Also, despite the prevalence of video phones and advanced technology in Ash’s world, there doesn’t seem to be anything equivalent to the internet. If there is, Ash certainly doesn’t use it to bone up on the latest competitive Pokémon trends.

Finally, Pokémon battles work differently in the game than they do in the anime. In the game, battles take place in distinct turns and are determined by defined stats, with each move resulting in roughly the same outcome every time it is used. In the anime, battles happen in real time, and moves can interact with the environment in unique ways that are impossible to replicate in the video game.

As a result of these differences, it’s best to compare Ash to his peers in the anime rather than judge him by the standards of the competitive scene. But that dodges an interesting question. What if Ash was judged by the standards of competitive trainers? What should he have been doing all these years?
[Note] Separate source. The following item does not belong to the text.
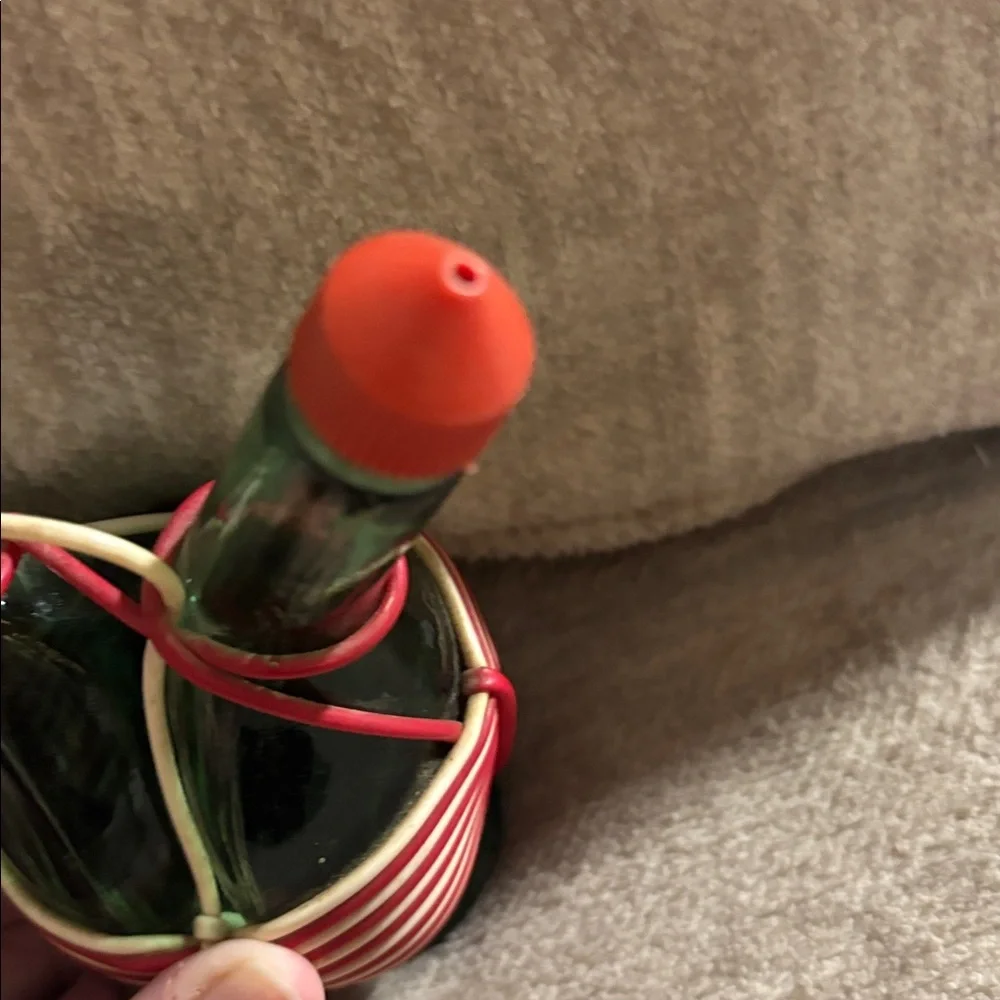 Vintage Green Glass Oil and Vinegar Bottles with Red White wrap made in Italy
Let’s follow our plucky protagonist through the course of the Pokémon anime and critique his performance with a trained eye.
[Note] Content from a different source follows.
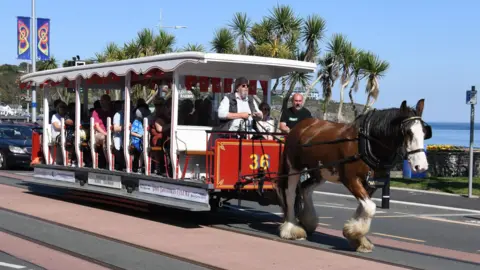 Isle of Man Transport Horse tram on Douglas Promenade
Illustration of Charizard laying on its side, sassily breathing fire on a peeved Ash Ketchum.

Early days: Kanto and Johto

Ash’s first tournament run is baffling in many ways, and it establishes many of the problems that haunt him throughout his Pokémon training career.

The first issue crops up before he ever steps into an arena: his team is painfully unevolved. While Pikachu made a big fuss about never wanting to evolve when Ash earned his third gym badge, his Squirtle and Bulbasaur also remained in their base stages. And while Ash eventually ends up with a Kingler, it starts the Indigo Plateau Conference as a simple Krabby. As a result, his only fully evolved Pokémon going into the league are Charizard, Muk and 30 Tauros, which only has one form.

His decision to keep some of his Pokémon unevolved may seem admirable to some (mostly himself), but from a competitive standpoint it’s an extremely bad idea. Each evolution boosts a Pokémon’s base stats, which means that unevolved Pokémon are at a significant disadvantage in battle. The game eventually introduced the Eviolite item to somewhat mitigate this problem, but the anime has always steered away from involving held items. As a result, Ash starts his tournament run at a handicap.

Things don’t improve once the battles begin. Ash constantly makes poor choices, only to be bailed out by blind luck or his opponent’s mistakes. His first battle, against Mandi, is a perfect example.

Ash leads with an unevolved Pokémon he has never battled with before: Krabby. He believes it’s smart to pick a water-type since they are battling in a water arena, but his opponent anticipates this by sending out Exeggutor, a grass-type. This immediately puts Krabby at a type disadvantage, but Exeggutor never uses one of its super effective attacks. What’s worse, Mandi never uses Sleep Powder, a status inflicting move that made Exeggutor a top-tier threat in the first generation of competitive battles.

Despite those missteps, Mandi looked like he was going to win. However, after landing a few attacks, Krabby evolves into Kingler mid-battle. This is impossible in a competitive Pokémon battle, but it happens quite often in the anime, whether due to luck or determination. The reason, in this case is luck, but it’s enough for Ash to sweep through Mandi’s entire team without a problem.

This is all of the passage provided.